Chapter 19 — Further Reading

DataField.Dev

Chapter 19 — Further Reading

Annotated pointers for going deeper on orthogonal projection, the projection matrix, and least squares. Mapped to the three standard texts this book tracks — Strang (geometric/applied), Axler (abstract/proof-first), Boyd–Vandenberghe (applications/optimization) — plus free online resources.

Primary textbook sections

Gilbert Strang, Introduction to Linear Algebra (6th ed.), §4.2–4.3. The closest match to this chapter. §4.2 ("Projections") derives projection onto a line and onto a subspace and builds $P = A(A^{\mathsf{T}}A)^{-1}A^{\mathsf{T}}$ exactly as we do, emphasizing $P^2 = P$ and $P^{\mathsf{T}} = P$; §4.3 ("Least Squares Approximations") connects it to regression and the normal equations. Strang's geometric framing — projection as the heart of least squares — is the spirit of this entire chapter. Read this first if you want a second pass over the same material.
Gilbert Strang, MIT 18.06 lectures (OpenCourseWare / YouTube), Lectures 15–16. "Projections onto Subspaces" and "Projection Matrices and Least Squares." Strang at the chalkboard deriving the projection matrix and motivating least squares; the closest free supplement to this chapter, and the source many readers find clicks the geometry into place. Free at ocw.mit.edu (course 18.06).
Sheldon Axler, Linear Algebra Done Right (4th ed.), §6.B ("Orthogonal Complements and Minimization Problems"). The abstract, inner-product-space treatment: the orthogonal decomposition $V = U \oplus U^{\perp}$, the orthogonal projection $P_U$ defined coordinate-free, and the minimization theorem (our closest-point theorem) proved in full generality. Axler defines the projection by its properties rather than by a matrix formula, which is the right viewpoint for the function spaces of Chapters 22 and 34. For the math track.
Stephen Boyd & Lieven Vandenberghe, Introduction to Applied Linear Algebra (VMLS) (2018), Chapters 12–13. "Least Squares" and "Least Squares Data Fitting." The applications-and-optimization angle: least squares as the foundation of data fitting, the normal equations, and why you solve them via QR (Chapter 20) rather than by inverting $A^{\mathsf{T}}A$. Excellent on the engineering of least squares and packed with real examples. Free PDF at stanford.edu/~boyd/vmls/.
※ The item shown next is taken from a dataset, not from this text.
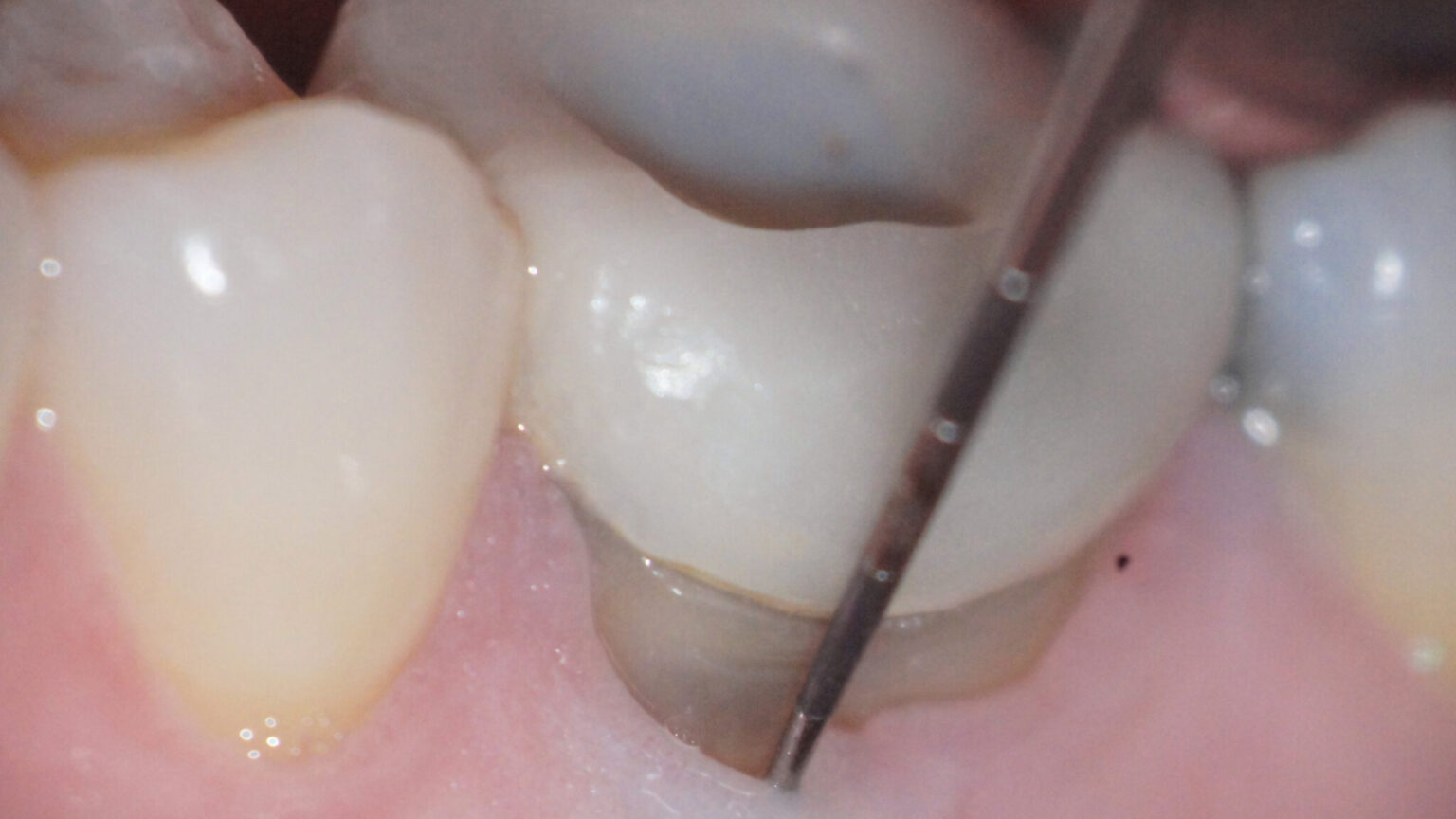 Endodontic Predictability “What Matters?* Oral Health Group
Going deeper on specific threads

Numerical caution — why not to form $A^{\mathsf{T}}A$: Trefethen & Bau, Numerical Linear Algebra (1997), Lectures 11 and 18–19, explains how squaring $A$ squares its condition number and why QR/SVD-based least squares is the professional standard. This is the rigorous backing for the chapter's Computational Note and a preview of Chapter 38.
The hat matrix in statistics: any regression text (e.g. Hastie, Tibshirani & Friedman, The Elements of Statistical Learning, §3.2, free PDF at hastie.su.domains/ElemStatLearn/) develops $\hat{\mathbf{y}} = H\mathbf{y}$ with $H = X(X^{\mathsf{T}}X)^{-1}X^{\mathsf{T}}$ — our projection matrix under the statistician's name — and its leverage interpretation (the diagonal of $H$). Confirms "least squares is projection" from the data-science side.
Oblique vs. orthogonal projections: Meyer, Matrix Analysis and Applied Linear Algebra (2000), §5.9 and §5.13, gives the cleanest treatment of general (oblique) projectors and the characterization that symmetric idempotents are exactly the orthogonal ones — the rigorous version of §19.7's Warning and Math-Major Sidebar.
3Blue1Brown, Essence of Linear Algebra (YouTube). While there is no episode titled "projection," the chapters on dot products, change of basis, and the geometry of linear maps build the visual intuition that makes projection obvious. Pair with Strang's lectures for the geometry-first experience this book aims for.

Documentation and tools

numpy.linalg.lstsq — the function you should actually use for least squares; solves $\min\lVert A\mathbf{x} - \mathbf{b}\rVert$ via SVD without forming $A^{\mathsf{T}}A$. See the NumPy reference manual.
scipy.linalg.lstsq and numpy.linalg.qr — the QR route of Chapter 20, the recommended path for production least squares.
numpy.linalg.matrix_rank — checking the full-column-rank condition before trusting projection coefficients.

How to use these

If you want one more geometric pass, read Strang §4.2–4.3 and watch 18.06 Lectures 15–16. If you are on the math track and want the abstract picture that generalizes to function spaces, read Axler §6.B. If you care about applications and getting the numerics right, read Boyd–Vandenberghe Ch. 12–13 and skim Trefethen & Bau Lecture 11. All four agree on the central message of this chapter: orthogonal projection is the geometry, and least squares is what it looks like when you apply it to data.